A bull's eye level is a type of spirit level that allows for the leveling of planes in two dimensions — both the 'pitch' and 'roll' in nautical terms. Standard tubular levels only consider one dimension. Bull's eye levels are used primarily by carpenters in construction, but can also be found as features of compasses or other devices that need to be kept from tipping in certain directions (whether it be for functionality or precision of measurements). Small bull's eye levels are also found incorporated into tripods.

Another name for a bull's eye level is a "circular bubble" which is the name used by surveyors in the United Kingdom. Surveying instruments such as theodolites (transits) and total stations often have a circular bubble as well as a tubular level or "plate level". The circular bubble is used to roughly level the instrument in two dimensions. The plate level is then used, rotating it 90 degrees between readings to level the instrument more precisely.

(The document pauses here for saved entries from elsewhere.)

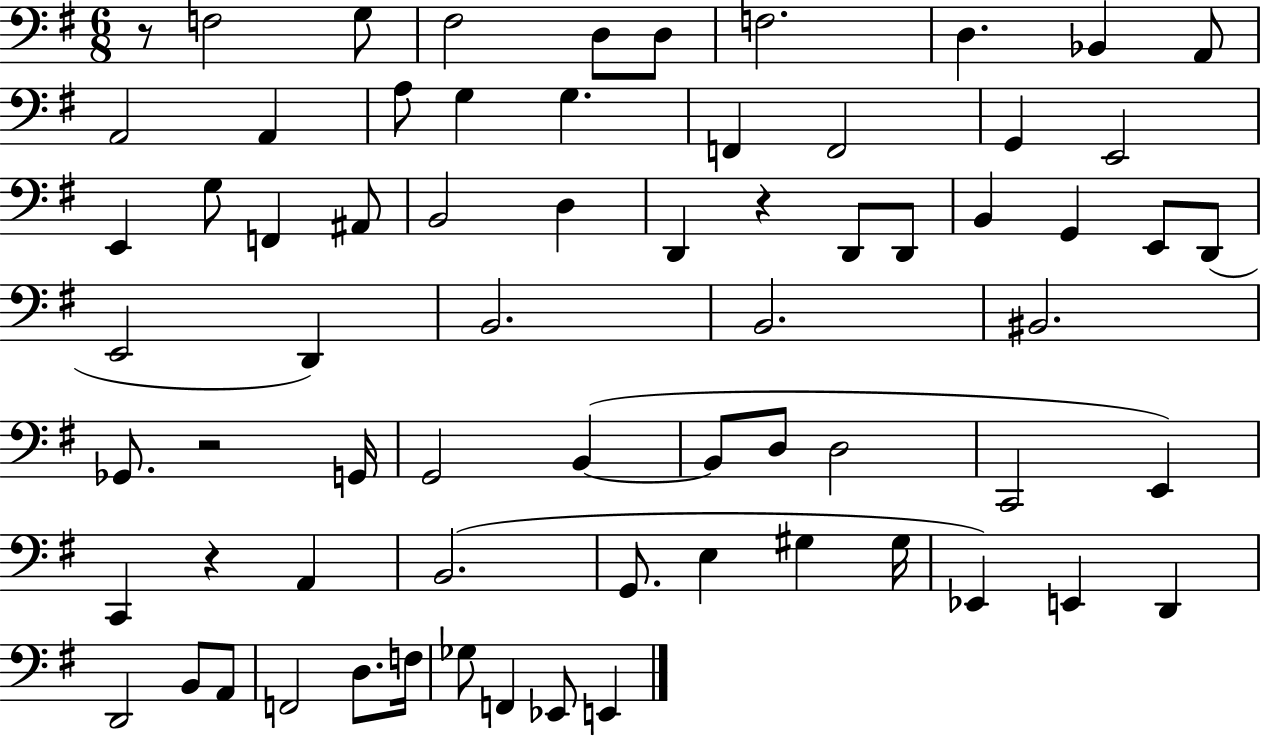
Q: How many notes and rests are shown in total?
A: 69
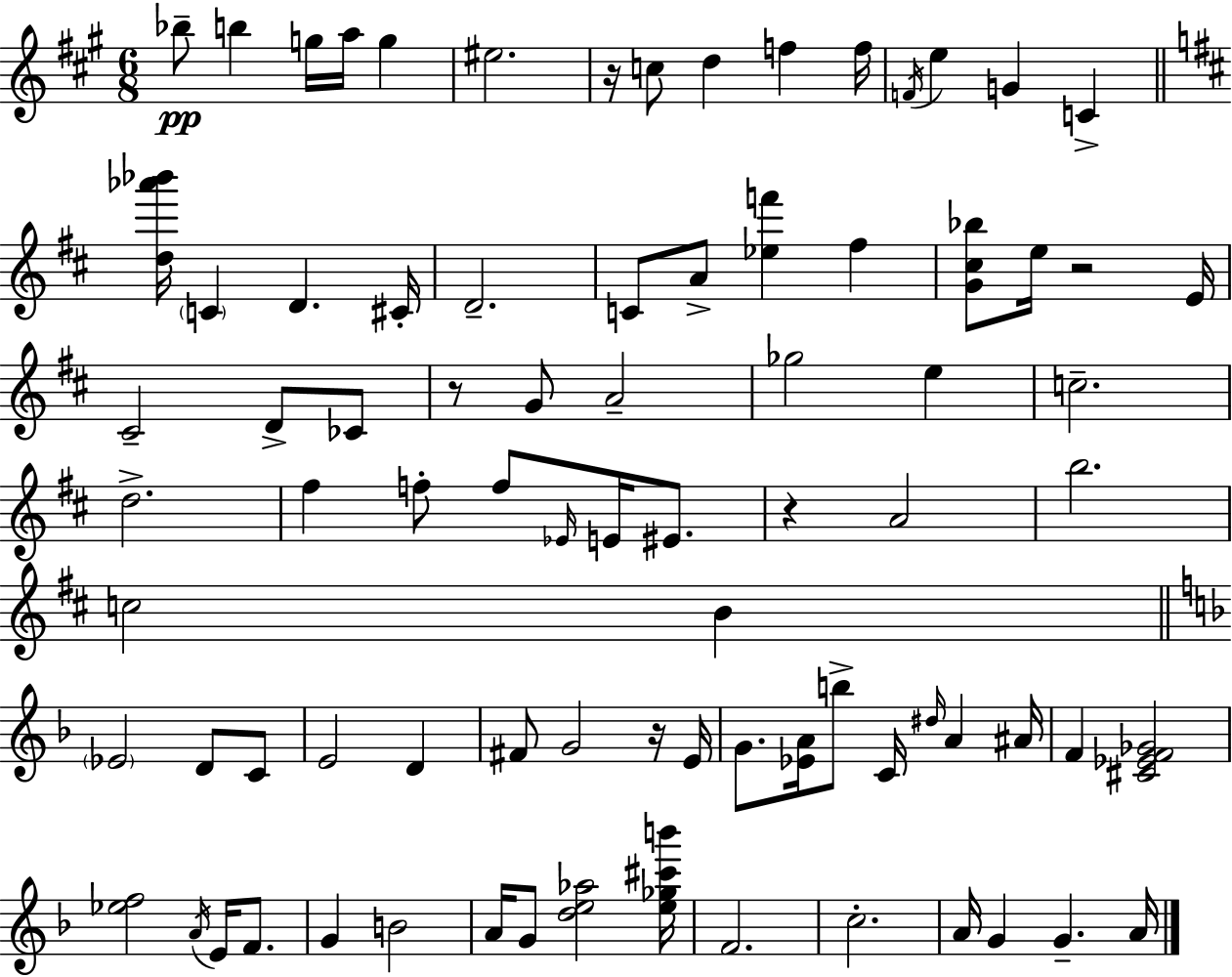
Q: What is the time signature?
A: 6/8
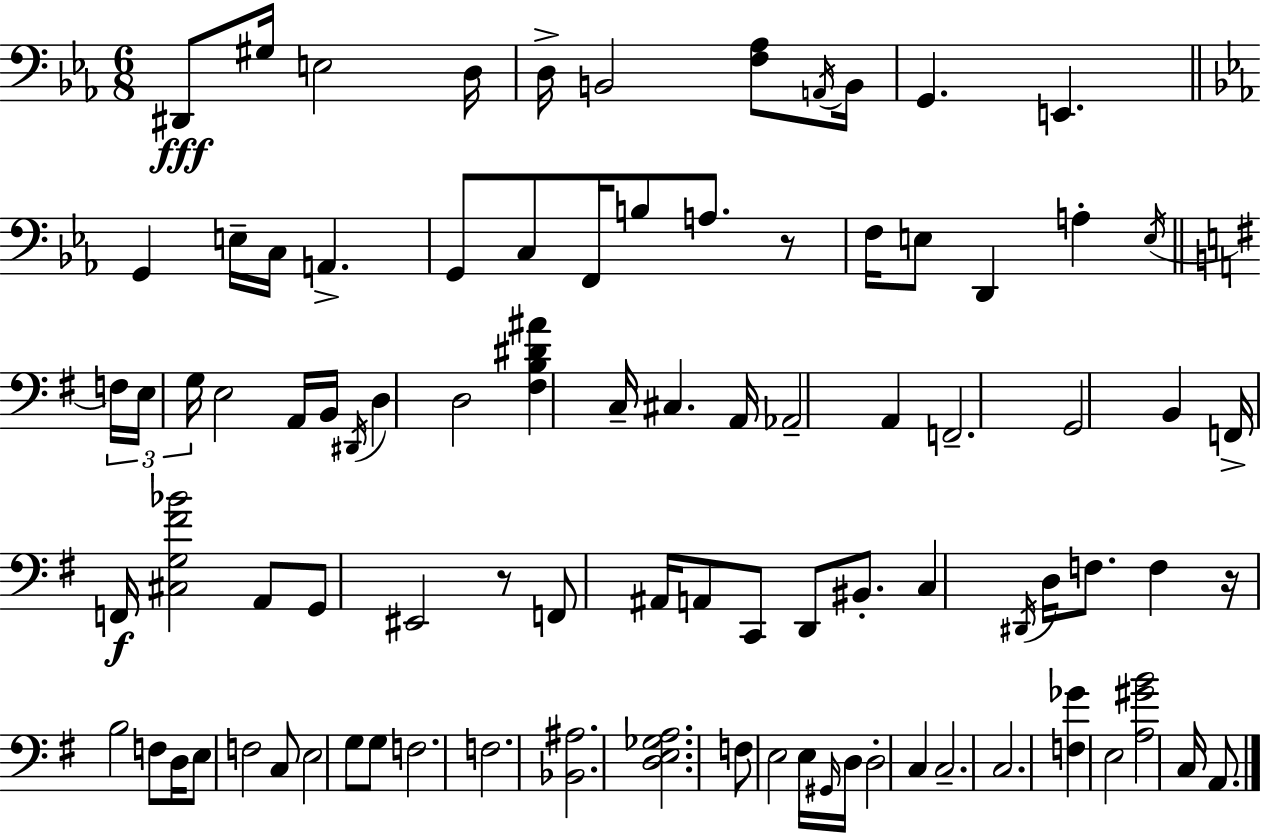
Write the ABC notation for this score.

X:1
T:Untitled
M:6/8
L:1/4
K:Eb
^D,,/2 ^G,/4 E,2 D,/4 D,/4 B,,2 [F,_A,]/2 A,,/4 B,,/4 G,, E,, G,, E,/4 C,/4 A,, G,,/2 C,/2 F,,/4 B,/2 A,/2 z/2 F,/4 E,/2 D,, A, E,/4 F,/4 E,/4 G,/4 E,2 A,,/4 B,,/4 ^D,,/4 D, D,2 [^F,B,^D^A] C,/4 ^C, A,,/4 _A,,2 A,, F,,2 G,,2 B,, F,,/4 F,,/4 [^C,G,^F_B]2 A,,/2 G,,/2 ^E,,2 z/2 F,,/2 ^A,,/4 A,,/2 C,,/2 D,,/2 ^B,,/2 C, ^D,,/4 D,/4 F,/2 F, z/4 B,2 F,/2 D,/4 E,/2 F,2 C,/2 E,2 G,/2 G,/2 F,2 F,2 [_B,,^A,]2 [D,E,_G,A,]2 F,/2 E,2 E,/4 ^G,,/4 D,/4 D,2 C, C,2 C,2 [F,_G] E,2 [A,^GB]2 C,/4 A,,/2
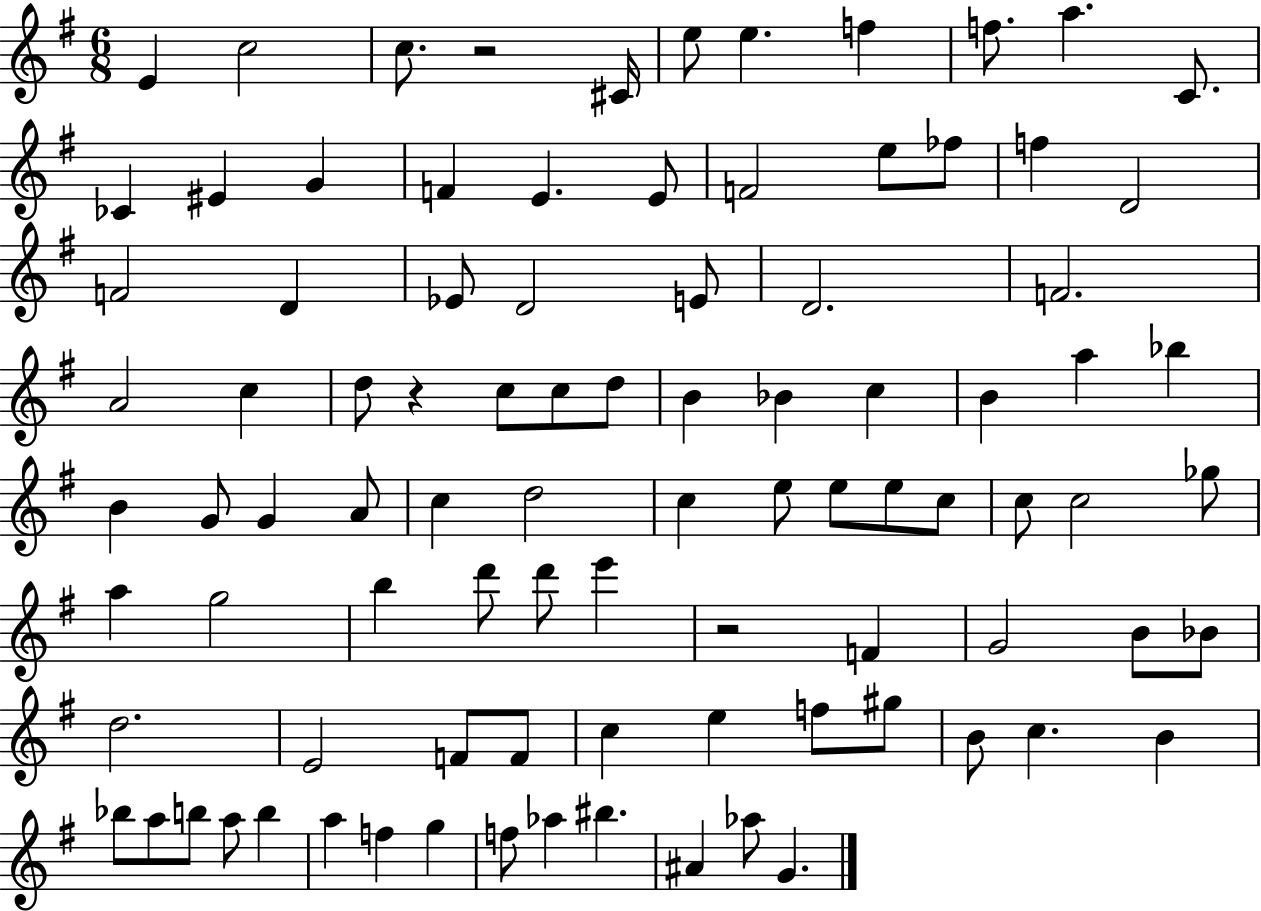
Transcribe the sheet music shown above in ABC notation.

X:1
T:Untitled
M:6/8
L:1/4
K:G
E c2 c/2 z2 ^C/4 e/2 e f f/2 a C/2 _C ^E G F E E/2 F2 e/2 _f/2 f D2 F2 D _E/2 D2 E/2 D2 F2 A2 c d/2 z c/2 c/2 d/2 B _B c B a _b B G/2 G A/2 c d2 c e/2 e/2 e/2 c/2 c/2 c2 _g/2 a g2 b d'/2 d'/2 e' z2 F G2 B/2 _B/2 d2 E2 F/2 F/2 c e f/2 ^g/2 B/2 c B _b/2 a/2 b/2 a/2 b a f g f/2 _a ^b ^A _a/2 G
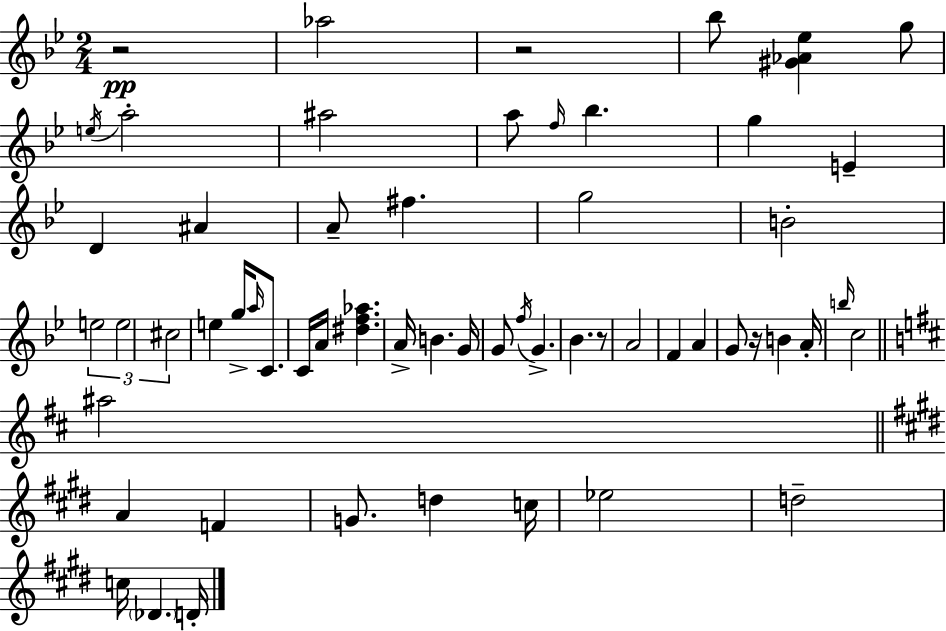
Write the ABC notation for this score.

X:1
T:Untitled
M:2/4
L:1/4
K:Bb
z2 _a2 z2 _b/2 [^G_A_e] g/2 e/4 a2 ^a2 a/2 f/4 _b g E D ^A A/2 ^f g2 B2 e2 e2 ^c2 e g/4 a/4 C/2 C/4 A/4 [^df_a] A/4 B G/4 G/2 f/4 G _B z/2 A2 F A G/2 z/4 B A/4 b/4 c2 ^a2 A F G/2 d c/4 _e2 d2 c/4 _D D/4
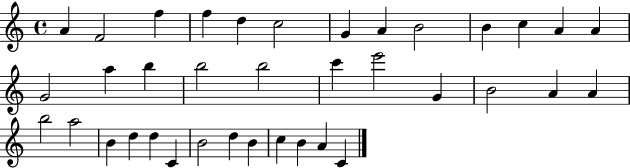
X:1
T:Untitled
M:4/4
L:1/4
K:C
A F2 f f d c2 G A B2 B c A A G2 a b b2 b2 c' e'2 G B2 A A b2 a2 B d d C B2 d B c B A C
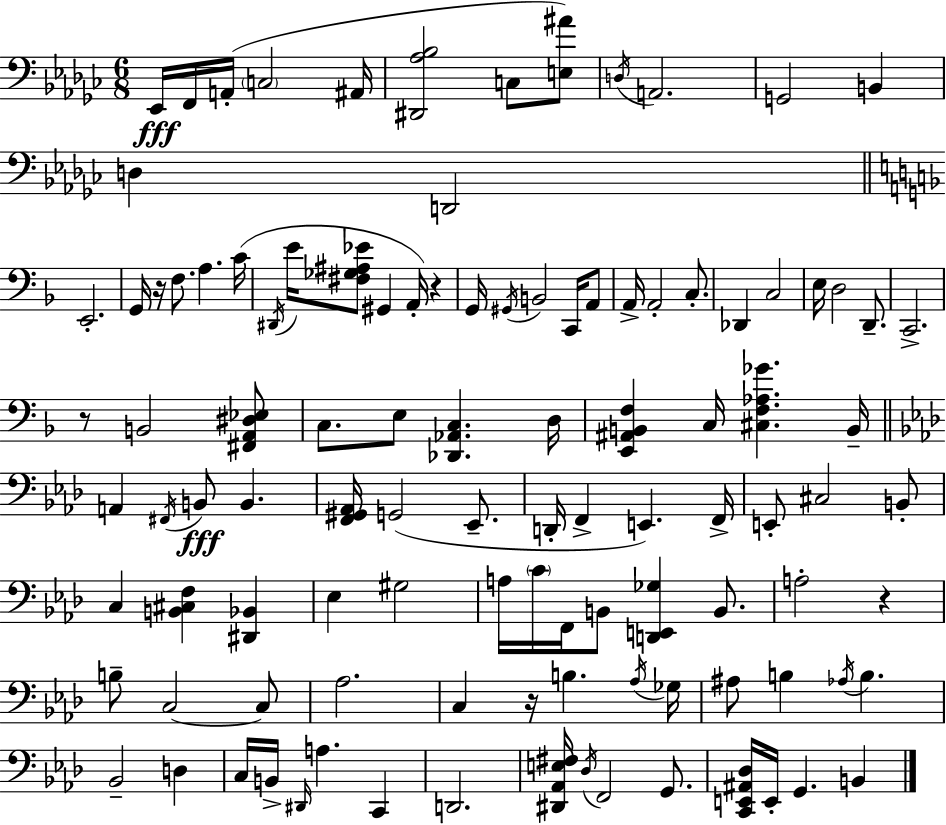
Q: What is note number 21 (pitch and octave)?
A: A2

The Fell All-Way precision level, one of the first successful American made bull's eye levels for machine tool use, was invented by William B. Fell, Rockford, Illinois prior to World War II in 1939. The device was unique in that it could be placed on a machine bed and show tilt on x and y axes simultaneously; eliminating the need to rotate the level 90 degrees. The device set a new standard of 0.0005 inches per foot resolution (five ten thousands per foot or five arc seconds tilt). The level's production stopped around 1970. Production restarted in 1980s by Thomas Butler Technology, Rockford, Illinois, but finally ended in the mid 1990s. However, there are still hundreds of the highly prized devices in existence.